In the meantime, the Royal Navy needs to plug the gaps caused by unplanned departures, moving submariners around between submarines to ensure they can sail, but in turn, damaging other people's careers and family lives to meet the needs of the service, will cause more disruption, and in turn more unplanned resignations.
It creates a vicious cycle that cannot easily be fixed.
The Royal Navy is aware of the risks this approach poses and is trying to find ways to retain submariners.
This includes significant pay and allowances, as well as other benefits like deterrent patrols counting towards the earning criteria for the Wider Service Medal.
This will help, particularly for new entry submariners, but for longer serving members, the extra money will potentially be far less appealing than time spent at home with partners and families.
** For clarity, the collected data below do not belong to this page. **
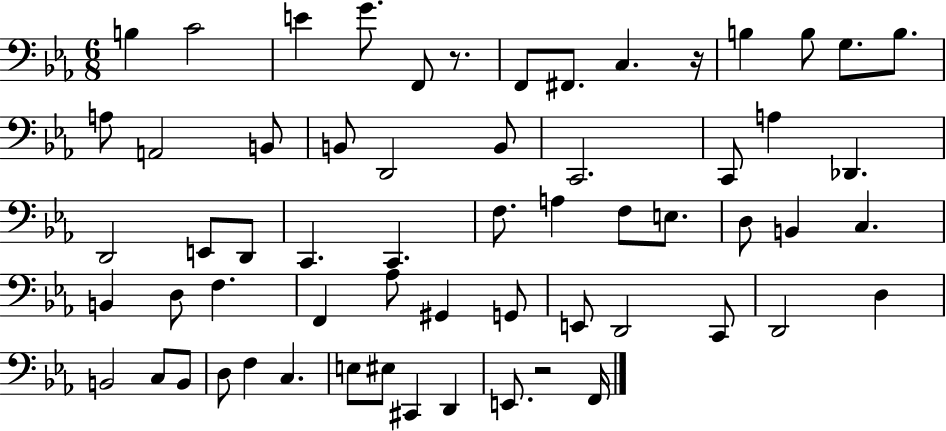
X:1
T:Untitled
M:6/8
L:1/4
K:Eb
B, C2 E G/2 F,,/2 z/2 F,,/2 ^F,,/2 C, z/4 B, B,/2 G,/2 B,/2 A,/2 A,,2 B,,/2 B,,/2 D,,2 B,,/2 C,,2 C,,/2 A, _D,, D,,2 E,,/2 D,,/2 C,, C,, F,/2 A, F,/2 E,/2 D,/2 B,, C, B,, D,/2 F, F,, _A,/2 ^G,, G,,/2 E,,/2 D,,2 C,,/2 D,,2 D, B,,2 C,/2 B,,/2 D,/2 F, C, E,/2 ^E,/2 ^C,, D,, E,,/2 z2 F,,/4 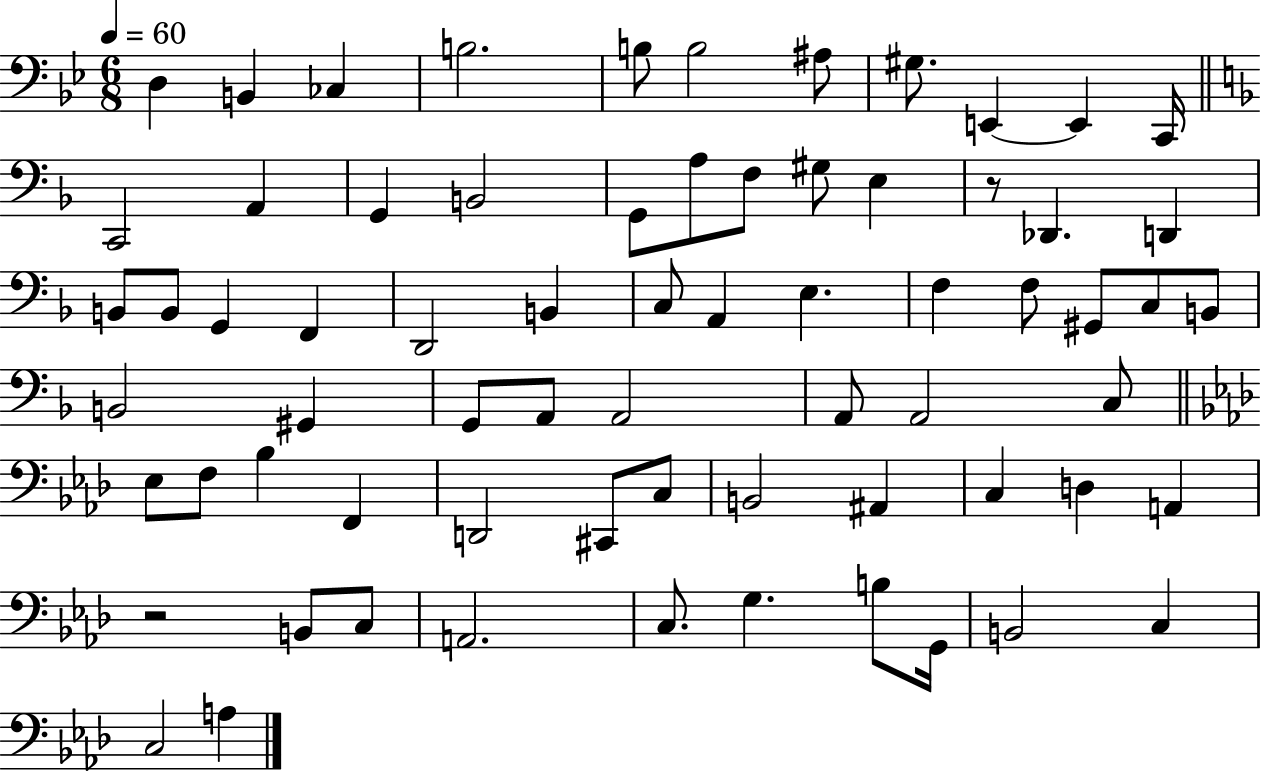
X:1
T:Untitled
M:6/8
L:1/4
K:Bb
D, B,, _C, B,2 B,/2 B,2 ^A,/2 ^G,/2 E,, E,, C,,/4 C,,2 A,, G,, B,,2 G,,/2 A,/2 F,/2 ^G,/2 E, z/2 _D,, D,, B,,/2 B,,/2 G,, F,, D,,2 B,, C,/2 A,, E, F, F,/2 ^G,,/2 C,/2 B,,/2 B,,2 ^G,, G,,/2 A,,/2 A,,2 A,,/2 A,,2 C,/2 _E,/2 F,/2 _B, F,, D,,2 ^C,,/2 C,/2 B,,2 ^A,, C, D, A,, z2 B,,/2 C,/2 A,,2 C,/2 G, B,/2 G,,/4 B,,2 C, C,2 A, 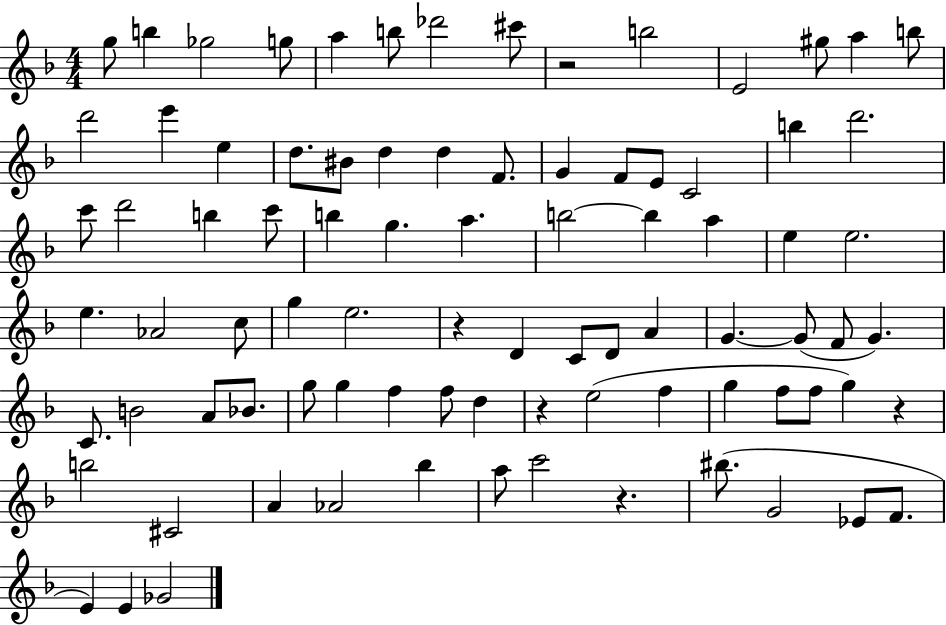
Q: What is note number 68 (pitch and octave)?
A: B5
While service life is about sacrifice at times, when this becomes the norm, it becomes far harder to justify missing time away from home, particularly when it isn’t possible to contact families in the way that other sailors can.
In the medium term recruitment may become harder as the RN tries to attract a generation of new sailors who have grown up with smartphones and constant internet access – asking a 20-year-old to take on a job which removes them from their entire social network for six months at a time is likely to prove a very hard sell indeed.
Unless the fleet can urgently regenerate the submarine patrol cycle, dropping it to three months again, and maintain stability in the number of submariners, to help reduce the patrol burden, the real risk is that while maintaining the deterrent will be physically possible, the Royal Navy will lack the people to sustain deterrence patrols on any medium to long-term basis.
This problem will get even more challenging as HMS Dreadnought approaches entry to service when it will need to balance off keeping the elderly and, by then, very frail Vanguard class on patrol, while also bringing an entirely new and incredibly complex submarine class into service.
This will place huge pressure on a relatively small number of people, who are critical to the security of the nation, as if they were to resign in large numbers, owing to the challenges of service life, the ability of the Royal Navy to mount deterrence patrols could collapse.